About this exercise => Pictures aside, repeat every entry exactly.

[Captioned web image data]
________________
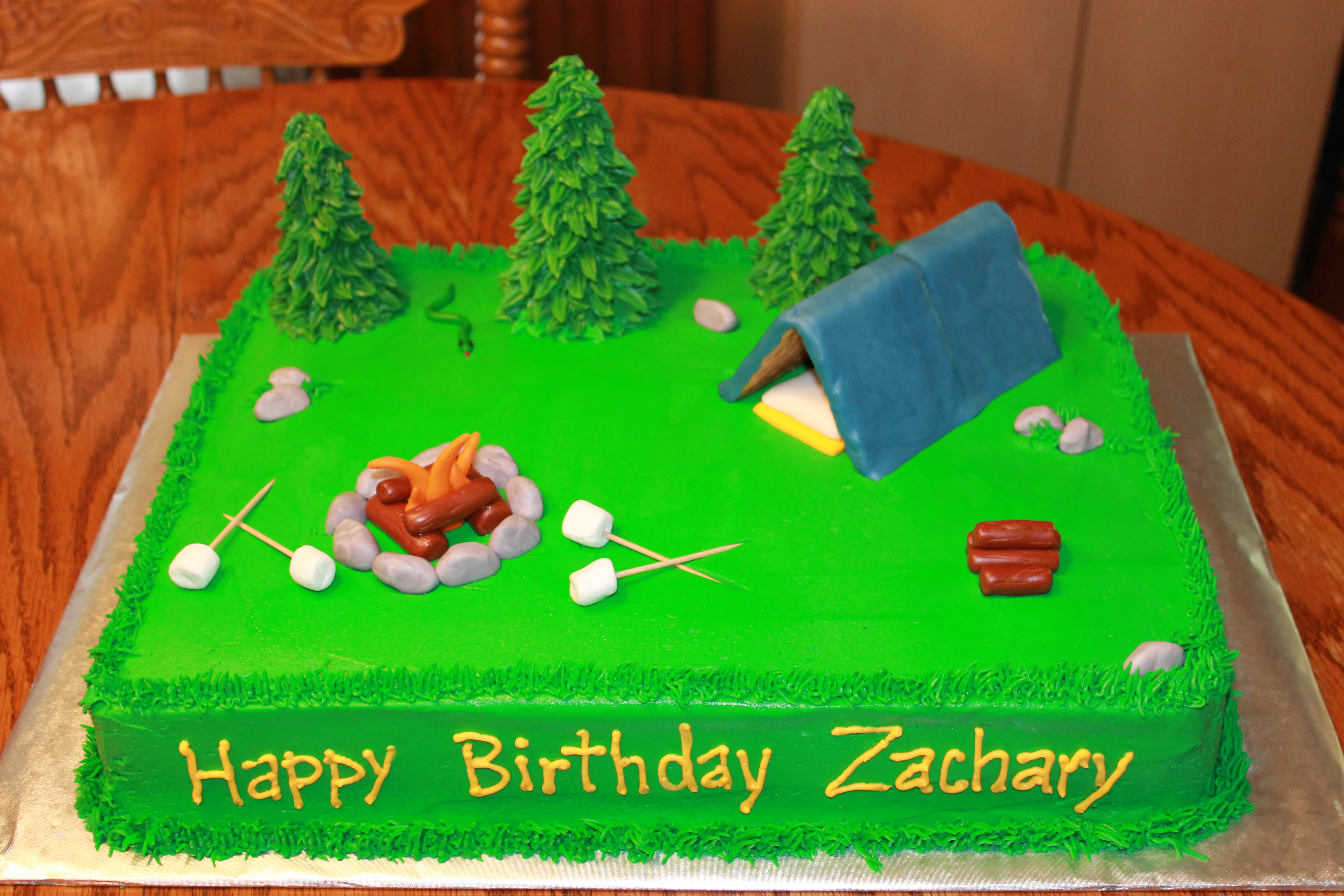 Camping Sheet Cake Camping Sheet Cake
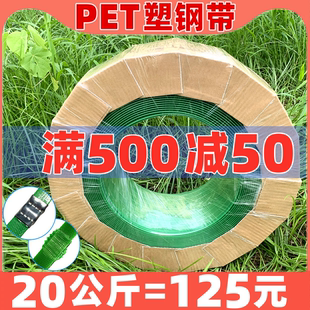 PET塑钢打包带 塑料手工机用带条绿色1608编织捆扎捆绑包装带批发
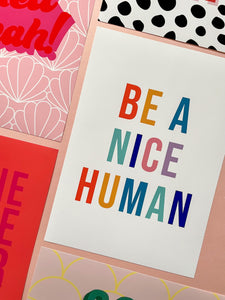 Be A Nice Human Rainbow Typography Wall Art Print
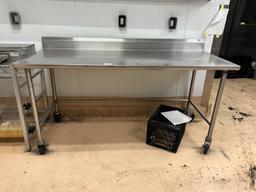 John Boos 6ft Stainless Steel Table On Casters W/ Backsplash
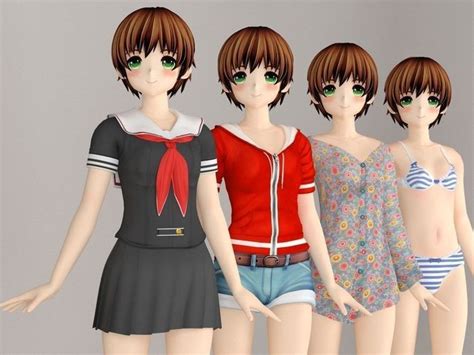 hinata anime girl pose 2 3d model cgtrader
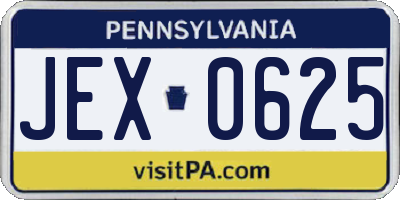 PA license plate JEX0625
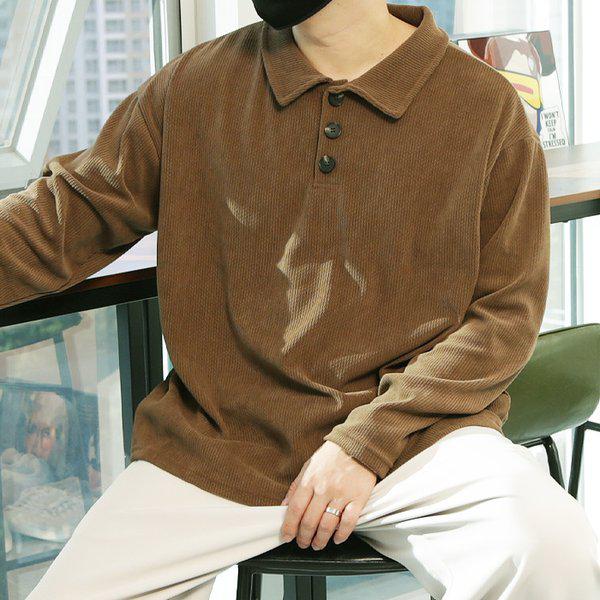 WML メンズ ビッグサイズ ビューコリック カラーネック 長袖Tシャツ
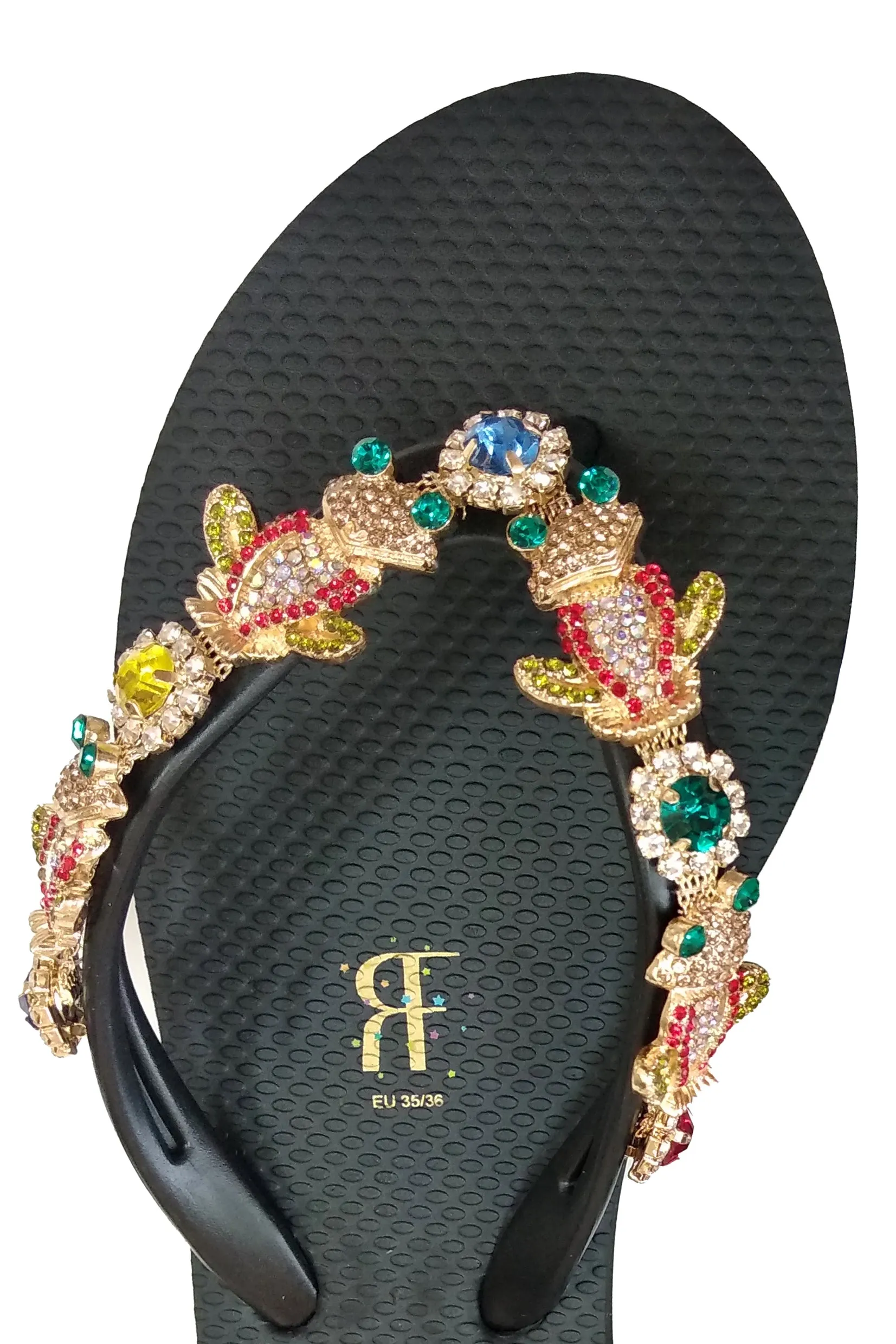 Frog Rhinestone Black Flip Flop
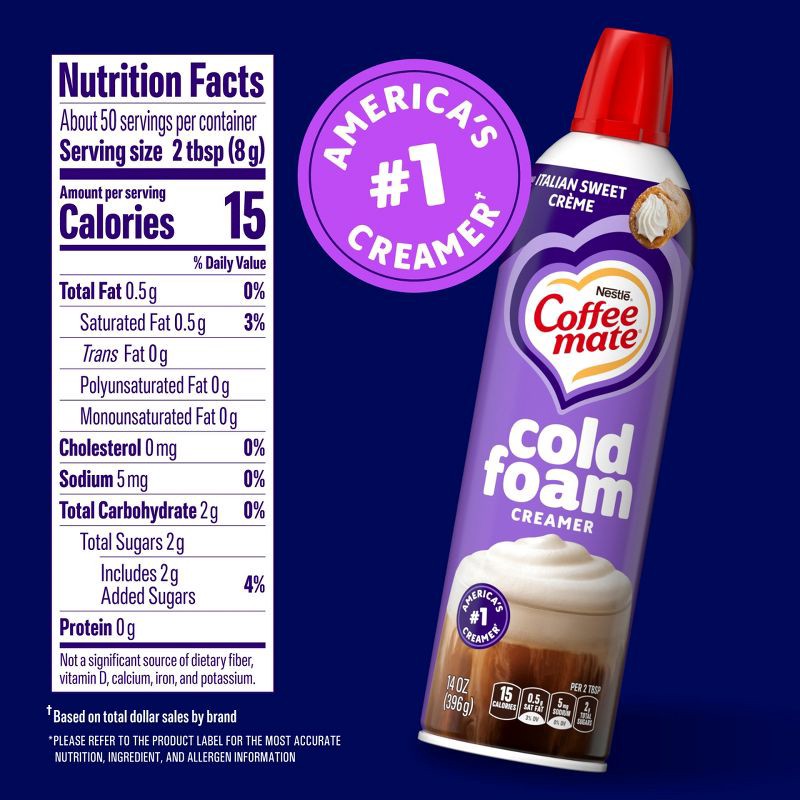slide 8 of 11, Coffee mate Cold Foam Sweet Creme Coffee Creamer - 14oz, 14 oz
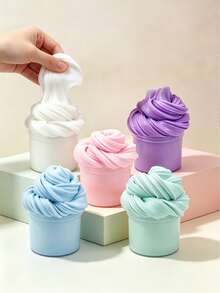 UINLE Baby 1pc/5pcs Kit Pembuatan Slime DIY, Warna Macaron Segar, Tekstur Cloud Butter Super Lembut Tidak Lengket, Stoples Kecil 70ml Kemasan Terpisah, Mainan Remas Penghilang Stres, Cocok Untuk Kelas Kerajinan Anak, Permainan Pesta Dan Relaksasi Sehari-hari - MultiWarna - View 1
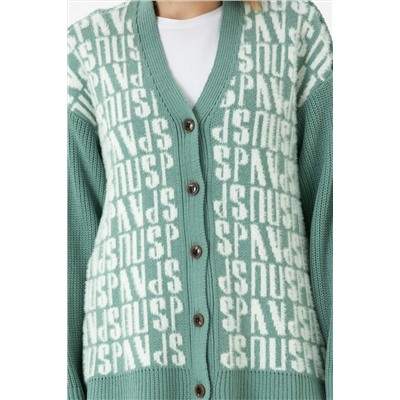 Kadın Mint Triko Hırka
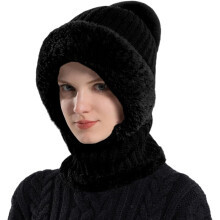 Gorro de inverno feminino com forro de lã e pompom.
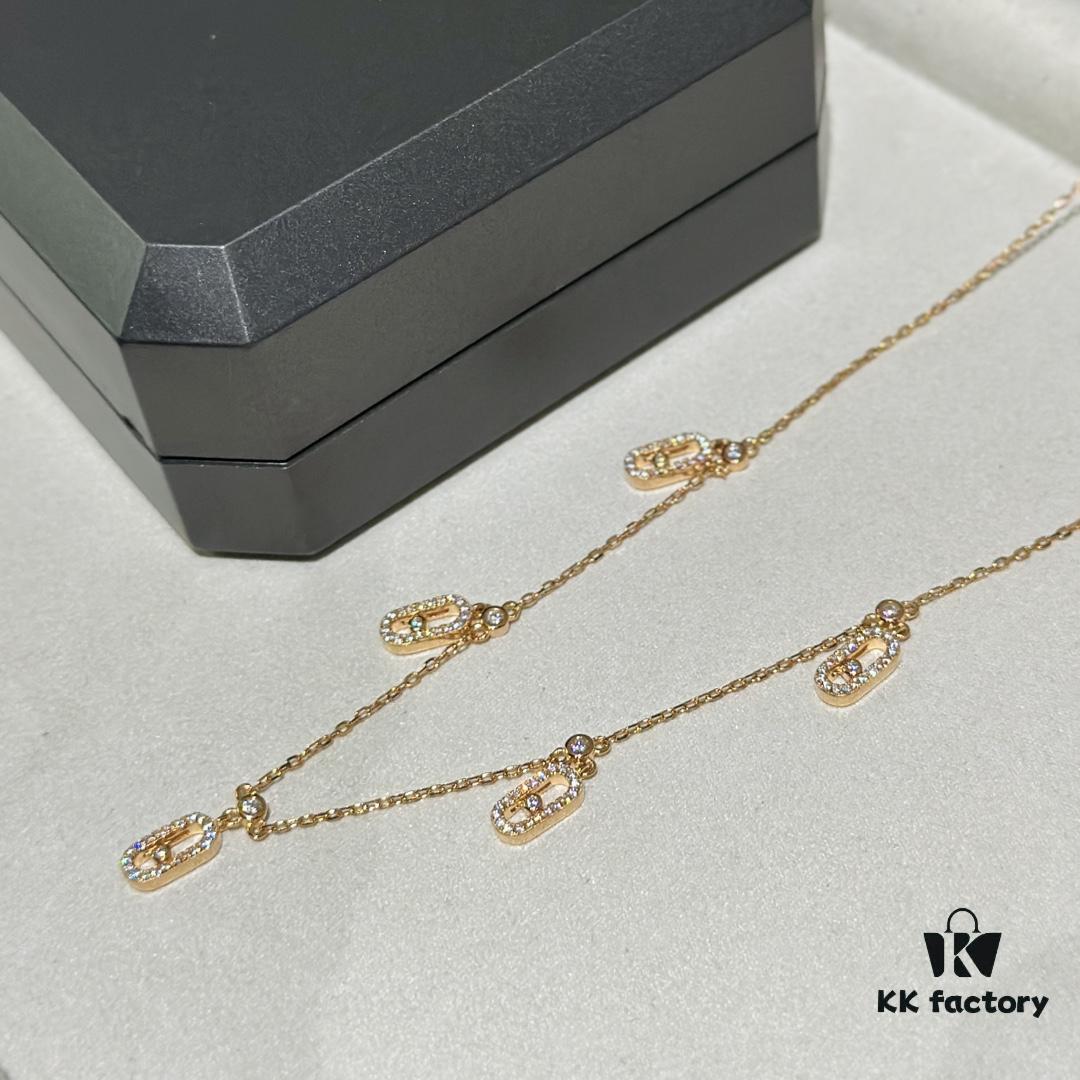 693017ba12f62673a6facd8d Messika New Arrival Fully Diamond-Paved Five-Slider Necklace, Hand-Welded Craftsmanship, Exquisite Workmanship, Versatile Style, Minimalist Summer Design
________________
Finished exercise =>
 Camping Sheet Cake Camping Sheet Cake
 PET塑钢打包带 塑料手工机用带条绿色1608编织捆扎捆绑包装带批发
 Be A Nice Human Rainbow Typography Wall Art Print
 John Boos 6ft Stainless Steel Table On Casters W/ Backsplash
 hinata anime girl pose 2 3d model cgtrader
 PA license plate JEX0625
 WML メンズ ビッグサイズ ビューコリック カラーネック 長袖Tシャツ
 Frog Rhinestone Black Flip Flop
slide 8 of 11, Coffee mate Cold Foam Sweet Creme Coffee Creamer - 14oz, 14 oz
 UINLE Baby 1pc/5pcs Kit Pembuatan Slime DIY, Warna Macaron Segar, Tekstur Cloud Butter Super Lembut Tidak Lengket, Stoples Kecil 70ml Kemasan Terpisah, Mainan Remas Penghilang Stres, Cocok Untuk Kelas Kerajinan Anak, Permainan Pesta Dan Relaksasi Sehari-hari - MultiWarna - View 1
 Kadın Mint Triko Hırka
 Gorro de inverno feminino com forro de lã e pompom.
 693017ba12f62673a6facd8d Messika New Arrival Fully Diamond-Paved Five-Slider Necklace, Hand-Welded Craftsmanship, Exquisite Workmanship, Versatile Style, Minimalist Summer Design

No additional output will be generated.